En esa línea, para la credibilidad y el éxito del sistema, resulta clave pasar a una segunda fase de revisión, consolidación y mejora de la justicia juvenil. Así como al poco tiempo de entrar a operar, la reforma procesal penal fue evaluada por una comisión de expertos para después hacerle los ajustes necesarios, se puede seguir un camino similar con la justicia juvenil, que culmine con un plan director de mejoras encaminadas a cumplir efectivamente las expectativas y promesas del sistema, con metas, plazos y recursos adecuados.
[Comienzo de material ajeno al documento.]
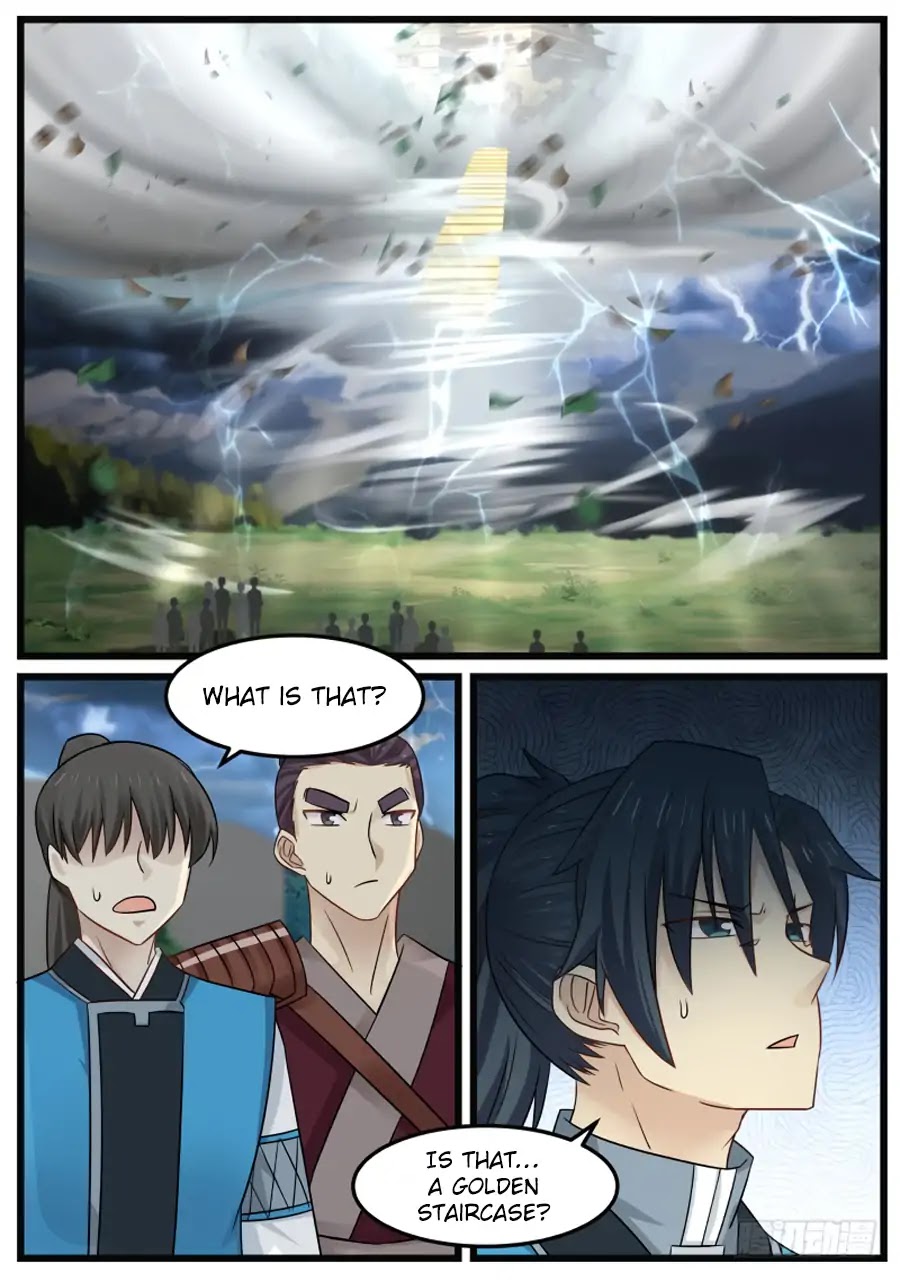 Martial Peak Chapter 89 - Page 16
Sin pretender ser exhaustivos, un primer aspecto a revisar es la propia ley, que peca de una excesiva dependencia del sistema de adultos, chocando muchas veces con los principios especiales de la justicia juvenil y con la preeminencia de la reinserción social por sobre el mero castigo. Esta revisión debiera incluir la introducción de algunas reformas en sintonía con las tendencias internacionales como, por ejemplo, la justicia restaurativa o los programas de apoyo post-privación de libertad, como el subsidio al excarcelamiento que se aplica en Barcelona; la revisión de algunos problemas prácticos, como la distribución de competencias entre los tribunales; la discusión acerca de la relevancia o no de contar con informes sociales, si con ellos se vulneran o no derechos, o cómo evitar que ello ocurra; entre muchas otras materias.
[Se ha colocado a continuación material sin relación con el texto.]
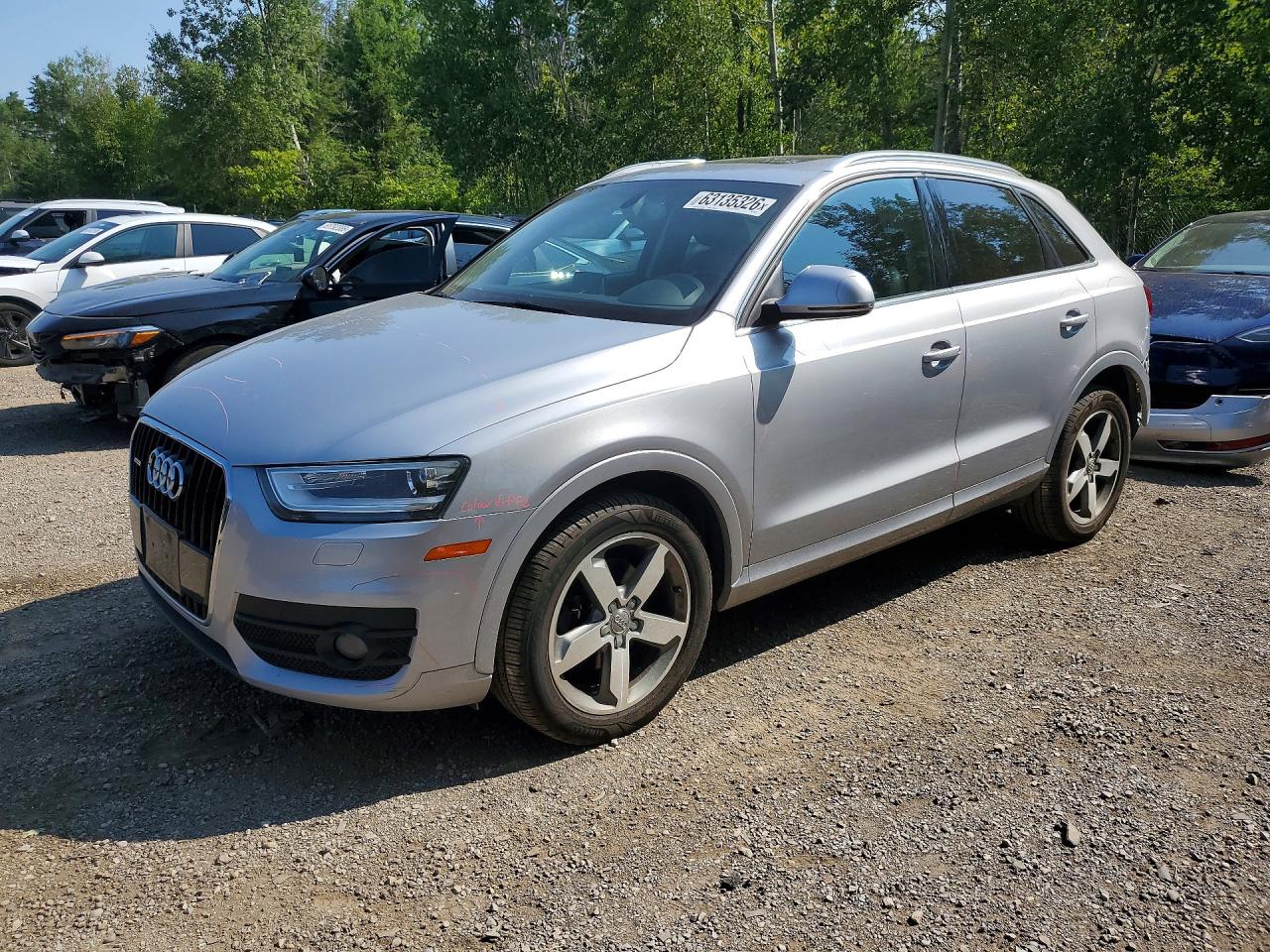 2015 AUDI Q3 PREMIUM PLUS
En segundo lugar, la dependencia de la reforma de adultos facilitó que el nuevo sistema se pusiera en marcha, pero ello ha sido a costa de la especialización de fiscales y jueces. Lo adecuado sería contar no sólo con defensores especializados en el 64% de los casos, sino que todo el sistema lo fuera. La doble función que tienen muchos de los operadores dificulta la preeminencia de una mirada diferente hacia lo juvenil, acorde con sus principios y fines especiales.
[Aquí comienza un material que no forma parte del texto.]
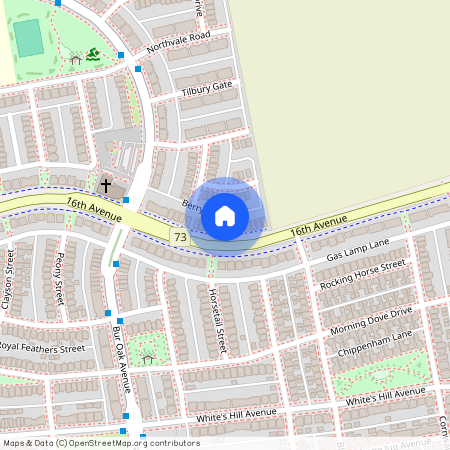 31 Berryman Lane, Markham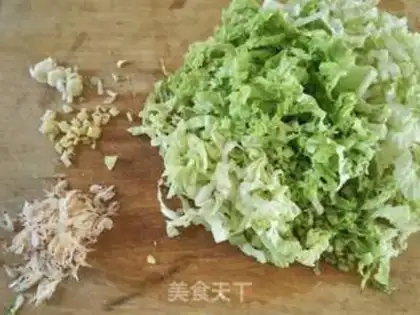 Make Beacon noodles step 2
En tercer término, es fundamental mejorar la ejecución de las sanciones de adolescentes, de manera que los programas del SENAME cuenten con los recursos y los profesionales idóneos para hacer su trabajo socioeducativo, y con las herramientas necesarias para abrir las puertas de la integración social en el sector público y privado. Si bien deben mejorarse con urgencia los Centros privativos de libertad, ya que algunos presentan condiciones francamente inaceptables, no es posible pensar una justicia juvenil moderna sin un sistema de sanciones en el medio libre fuerte y efectivo. Para esto último se hace imprescindible evaluar los resultados de los programas.

Por último, el sistema nunca será completamente legítimo sin una ley de protección de los derechos de los niños, que nos entregue la mayor seguridad a la que podemos aspirar: la seguridad de la satisfacción de los derechos humanos de todos los niños.